ミラーも「(新しいエキゾーストを)試したけれど、ちょっと温度の問題があってね。使わないことにしたんだ」ということだった。
一方、リンスは少しのメリットがあったことを明かした。
「トライはしたよ。何か(違い)を感じたわけではなかったけどね。ただ、データ上ではパワーの面で少しよくなっているみたいだ。午後はスプリントレース、決勝レースに向けて取り組んだから、使わなかったんだけどね。でも、データ上ではほんの少し、いい。ライダーは感じてはいないけれど、いいことだよね。パワーが向上しているのだから」
もちろん、新しいエキゾーストが大きな変化をもたらす劇的な変更、というわけではないだろう。そして、前述のように、エキゾーストはすべてノーマルのものに戻された。
「エキゾーストについては、普段見慣れている形からすると大きな変更のように感じられる。確かに見た目は急激な変化に見えるけれど、大きな変更ではないんだ。ダイノでいろいろ試していて、いくつかのパーツを入れ替える程度のことだ」と、ミラーは語っている。

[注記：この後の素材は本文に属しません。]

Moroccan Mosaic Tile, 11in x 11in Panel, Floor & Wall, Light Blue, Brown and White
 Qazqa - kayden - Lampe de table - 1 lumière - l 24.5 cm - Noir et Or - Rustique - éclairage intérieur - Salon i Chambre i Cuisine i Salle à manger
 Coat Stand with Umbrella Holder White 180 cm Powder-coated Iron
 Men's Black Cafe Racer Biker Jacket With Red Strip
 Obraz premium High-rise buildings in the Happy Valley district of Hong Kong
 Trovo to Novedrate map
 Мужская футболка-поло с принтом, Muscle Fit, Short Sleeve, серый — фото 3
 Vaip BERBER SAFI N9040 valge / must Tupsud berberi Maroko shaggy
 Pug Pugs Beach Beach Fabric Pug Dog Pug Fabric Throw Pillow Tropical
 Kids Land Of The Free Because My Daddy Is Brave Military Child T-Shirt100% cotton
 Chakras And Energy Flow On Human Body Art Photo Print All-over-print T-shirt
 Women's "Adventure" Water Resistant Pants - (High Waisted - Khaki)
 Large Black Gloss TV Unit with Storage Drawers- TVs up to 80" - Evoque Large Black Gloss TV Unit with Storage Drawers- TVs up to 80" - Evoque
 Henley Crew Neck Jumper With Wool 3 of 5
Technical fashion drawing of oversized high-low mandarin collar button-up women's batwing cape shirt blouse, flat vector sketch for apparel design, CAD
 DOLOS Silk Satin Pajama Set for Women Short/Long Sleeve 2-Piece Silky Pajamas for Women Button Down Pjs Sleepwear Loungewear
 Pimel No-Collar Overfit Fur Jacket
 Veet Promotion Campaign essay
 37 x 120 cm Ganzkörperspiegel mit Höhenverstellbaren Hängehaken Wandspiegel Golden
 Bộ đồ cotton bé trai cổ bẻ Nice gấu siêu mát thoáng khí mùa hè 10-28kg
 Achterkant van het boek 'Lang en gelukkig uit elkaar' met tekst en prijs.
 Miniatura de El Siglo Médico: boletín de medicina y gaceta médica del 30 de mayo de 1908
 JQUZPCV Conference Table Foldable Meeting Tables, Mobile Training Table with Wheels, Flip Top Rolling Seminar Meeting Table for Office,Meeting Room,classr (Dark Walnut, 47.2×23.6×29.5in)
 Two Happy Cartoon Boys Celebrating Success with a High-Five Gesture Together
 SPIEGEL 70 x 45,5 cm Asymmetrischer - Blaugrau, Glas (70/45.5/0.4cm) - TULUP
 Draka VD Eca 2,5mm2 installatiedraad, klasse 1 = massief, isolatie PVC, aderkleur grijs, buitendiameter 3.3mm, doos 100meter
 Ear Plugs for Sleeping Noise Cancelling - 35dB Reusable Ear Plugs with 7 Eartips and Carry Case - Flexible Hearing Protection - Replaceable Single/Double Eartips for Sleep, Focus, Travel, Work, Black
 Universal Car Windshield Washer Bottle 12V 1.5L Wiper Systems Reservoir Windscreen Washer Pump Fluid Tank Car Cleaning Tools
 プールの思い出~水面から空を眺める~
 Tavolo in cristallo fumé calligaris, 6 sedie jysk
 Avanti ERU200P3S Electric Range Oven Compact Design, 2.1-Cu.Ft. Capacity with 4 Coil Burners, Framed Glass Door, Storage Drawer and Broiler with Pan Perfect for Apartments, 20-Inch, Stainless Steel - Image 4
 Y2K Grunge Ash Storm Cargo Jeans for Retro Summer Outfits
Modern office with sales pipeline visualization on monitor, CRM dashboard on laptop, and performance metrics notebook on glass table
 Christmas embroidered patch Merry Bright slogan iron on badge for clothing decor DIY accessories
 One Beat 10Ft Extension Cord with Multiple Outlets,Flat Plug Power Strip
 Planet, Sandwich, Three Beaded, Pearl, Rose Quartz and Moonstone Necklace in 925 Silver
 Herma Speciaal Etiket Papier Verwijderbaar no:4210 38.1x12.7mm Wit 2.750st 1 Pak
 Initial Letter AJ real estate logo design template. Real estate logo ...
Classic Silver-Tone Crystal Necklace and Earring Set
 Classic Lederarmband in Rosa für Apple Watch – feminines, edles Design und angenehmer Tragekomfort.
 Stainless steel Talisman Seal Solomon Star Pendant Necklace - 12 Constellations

「僕たちは最大限のパフォーマンスを引き出そうとしている。特にもてぎではそうだし、マレーシアのように大きな負荷がかかるサーキットも控えている。だから、可能な限り小さな改良でも引き出していく必要があるんだ」
とはいえ、サンマリノGPでアウグスト・フェルナンデスがV4マシンでワイルドカード参戦をして、V4エンジンに注目が集まっている今、シーズンも終盤線に入ろうかというタイミングで現行のYZR-M1に、目に見える形での新しいアップデートが行われていた。今季のYZR-M1についても──シーズンを戦う以上、それは当然のことではあるけれど─、小さな改良を重ね続ける姿勢がこのアップデートからも窺える。